ACTIVITY
Output must match the data below exactly from its first line through the line that contains "Ⰶ NOT NUDE (1953-1965): NEW", with no other line.

[Short web captions]
※ ※ ※

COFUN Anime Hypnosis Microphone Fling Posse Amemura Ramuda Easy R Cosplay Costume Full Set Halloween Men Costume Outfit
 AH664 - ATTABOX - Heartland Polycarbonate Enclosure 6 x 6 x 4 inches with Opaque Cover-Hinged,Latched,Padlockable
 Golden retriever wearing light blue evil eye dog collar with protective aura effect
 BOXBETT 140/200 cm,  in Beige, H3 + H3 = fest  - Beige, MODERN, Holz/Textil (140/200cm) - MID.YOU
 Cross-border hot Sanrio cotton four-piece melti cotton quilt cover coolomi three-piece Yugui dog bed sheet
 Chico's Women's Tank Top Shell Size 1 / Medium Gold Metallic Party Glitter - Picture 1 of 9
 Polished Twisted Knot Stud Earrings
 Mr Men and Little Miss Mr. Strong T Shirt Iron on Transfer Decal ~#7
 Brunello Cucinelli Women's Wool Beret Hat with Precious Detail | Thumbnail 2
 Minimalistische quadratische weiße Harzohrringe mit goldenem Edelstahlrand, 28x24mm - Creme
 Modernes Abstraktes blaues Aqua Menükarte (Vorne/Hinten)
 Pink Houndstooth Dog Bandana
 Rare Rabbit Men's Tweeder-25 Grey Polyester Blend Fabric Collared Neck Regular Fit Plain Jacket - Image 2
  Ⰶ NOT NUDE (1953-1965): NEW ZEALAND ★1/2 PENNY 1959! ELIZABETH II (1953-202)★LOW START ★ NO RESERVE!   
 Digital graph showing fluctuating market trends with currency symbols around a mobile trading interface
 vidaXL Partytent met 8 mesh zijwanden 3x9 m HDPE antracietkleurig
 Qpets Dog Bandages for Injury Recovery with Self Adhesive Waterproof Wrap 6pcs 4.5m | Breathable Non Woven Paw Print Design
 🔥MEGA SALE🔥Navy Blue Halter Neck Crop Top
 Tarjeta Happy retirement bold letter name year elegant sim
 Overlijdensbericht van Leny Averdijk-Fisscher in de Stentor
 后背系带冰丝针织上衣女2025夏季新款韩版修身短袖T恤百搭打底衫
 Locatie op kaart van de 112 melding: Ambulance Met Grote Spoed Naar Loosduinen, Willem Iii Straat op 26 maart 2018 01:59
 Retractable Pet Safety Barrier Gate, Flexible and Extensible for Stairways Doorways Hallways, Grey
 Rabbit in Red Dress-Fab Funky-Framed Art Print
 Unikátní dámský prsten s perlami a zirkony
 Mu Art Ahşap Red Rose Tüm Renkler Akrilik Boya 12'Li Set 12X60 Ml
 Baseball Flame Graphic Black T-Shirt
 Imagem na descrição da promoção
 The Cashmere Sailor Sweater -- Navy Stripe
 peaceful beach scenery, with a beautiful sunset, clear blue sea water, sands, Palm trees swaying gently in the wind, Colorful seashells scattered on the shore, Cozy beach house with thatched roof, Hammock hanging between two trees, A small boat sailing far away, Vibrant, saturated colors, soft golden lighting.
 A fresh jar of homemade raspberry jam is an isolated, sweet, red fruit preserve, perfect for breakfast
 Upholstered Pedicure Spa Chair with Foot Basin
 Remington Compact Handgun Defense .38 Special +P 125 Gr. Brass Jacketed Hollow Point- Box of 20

※ ※ ※

TASK OUTPUT
COFUN Anime Hypnosis Microphone Fling Posse Amemura Ramuda Easy R Cosplay Costume Full Set Halloween Men Costume Outfit
 AH664 - ATTABOX - Heartland Polycarbonate Enclosure 6 x 6 x 4 inches with Opaque Cover-Hinged,Latched,Padlockable
 Golden retriever wearing light blue evil eye dog collar with protective aura effect
 BOXBETT 140/200 cm,  in Beige, H3 + H3 = fest  - Beige, MODERN, Holz/Textil (140/200cm) - MID.YOU
 Cross-border hot Sanrio cotton four-piece melti cotton quilt cover coolomi three-piece Yugui dog bed sheet
 Chico's Women's Tank Top Shell Size 1 / Medium Gold Metallic Party Glitter - Picture 1 of 9
 Polished Twisted Knot Stud Earrings
 Mr Men and Little Miss Mr. Strong T Shirt Iron on Transfer Decal ~#7
 Brunello Cucinelli Women's Wool Beret Hat with Precious Detail | Thumbnail 2
 Minimalistische quadratische weiße Harzohrringe mit goldenem Edelstahlrand, 28x24mm - Creme
 Modernes Abstraktes blaues Aqua Menükarte (Vorne/Hinten)
 Pink Houndstooth Dog Bandana
 Rare Rabbit Men's Tweeder-25 Grey Polyester Blend Fabric Collared Neck Regular Fit Plain Jacket - Image 2
  Ⰶ NOT NUDE (1953-1965): NEW ZEALAND ★1/2 PENNY 1959! ELIZABETH II (1953-202)★LOW START ★ NO RESERVE!   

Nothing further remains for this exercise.